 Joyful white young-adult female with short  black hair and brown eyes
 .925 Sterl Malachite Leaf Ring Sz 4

- - - -

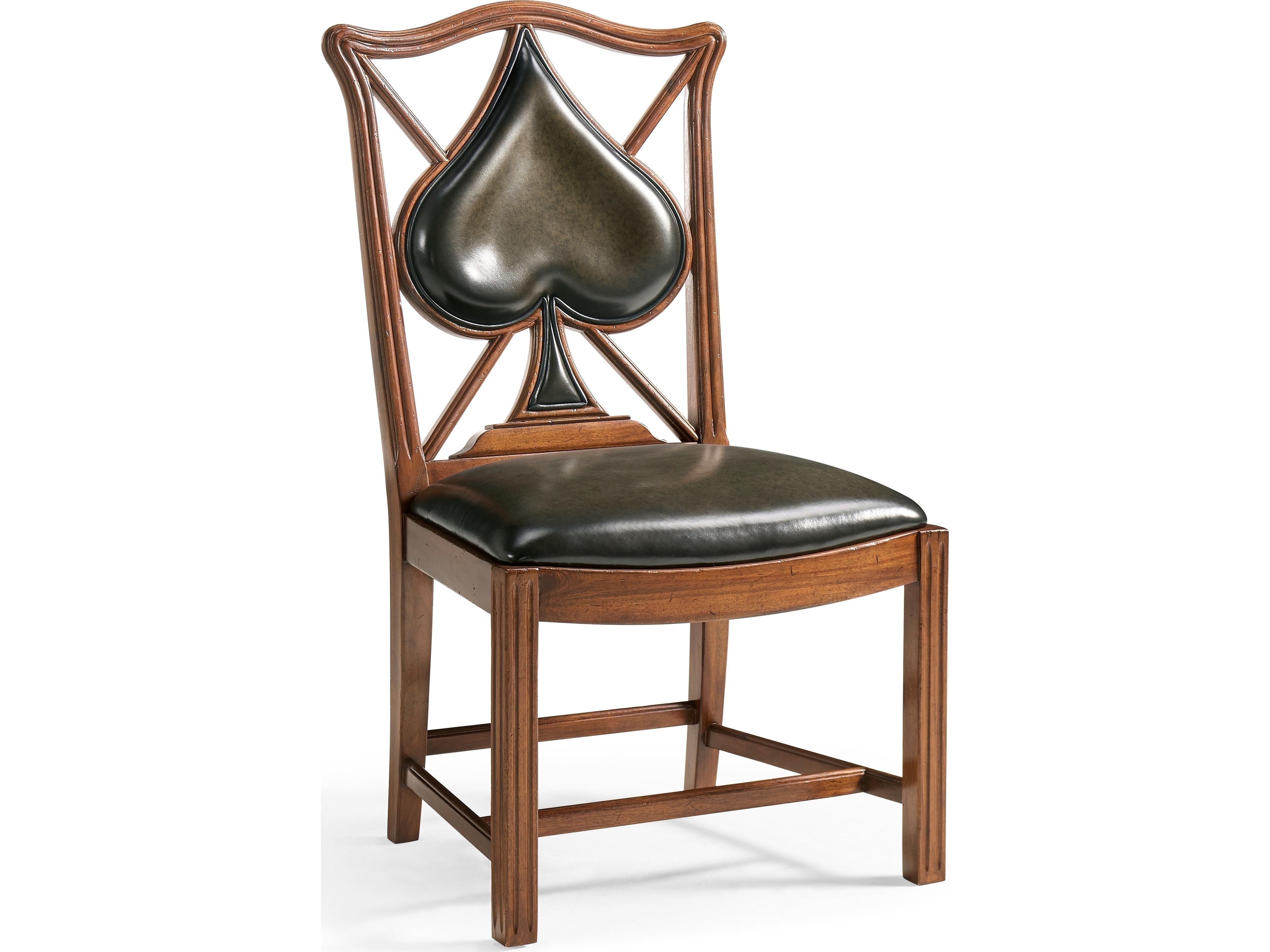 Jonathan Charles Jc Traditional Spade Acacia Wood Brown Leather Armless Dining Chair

- - - -

• **WHAT TO WORK ON**:
Would you copy out exactly the lines above that start at the one containing "Joyful white young-adult" and end at the one containing "Leaf Ring Sz 4", inclusive?

• **YOUR RESPONSE**:
 Joyful white young-adult female with short  black hair and brown eyes
 .925 Sterl Malachite Leaf Ring Sz 4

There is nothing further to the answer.